DISTRIBUTED DATA CONTENT PROTECTION

Systems and methods are described for encrypting and decrypting data in a distributed storage environment. Such systems and methods for encryption may divide a data payload into slices, the slices including a first slice and a subsequent slice, employ a content encryption key and an initialization vector, encrypt the first slice using the content encryption key and the initialization vector, generate a subsequent initialization vector for the subsequent slice based upon the initialization vector and the unencrypted content of the first slice, and encrypt the subsequent slice using the subsequent initialization vector and the content encryption key. The systems and methods may then generate a list of the encrypted slices into which the data payload has been generated, and publish to a secure storage location, the slice list, the content encryption key and the initialization vector for the first slice in the slice list, with the slices outputted to the distributed storage environment. Systems and methods for decryption may receive, from a secure storage location, a slice list, a content encryption key, and an initialization vector, determine the encrypted slices to be received from the distributed storage environment.

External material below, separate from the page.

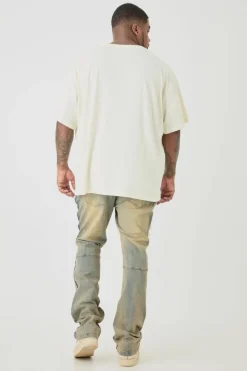 Store boohooMAN Plus Distressed Stretch Skinny Flared Jeans bleach wash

The systems and methods may receive, from the distributed storage environment, at least encrypted first slice and the encrypted subsequent slice, and decrypt the first slice using the content encryption key and the initialization vector, to generate a decrypted first slice, and generate a subsequent initialization vector for the subsequent slice based upon the initialization vector and the decrypted first slice, decrypt the subsequent slice using the subsequent initialization vector and the content encryption key, and combine the first slice and the subsequent slice into a data payload.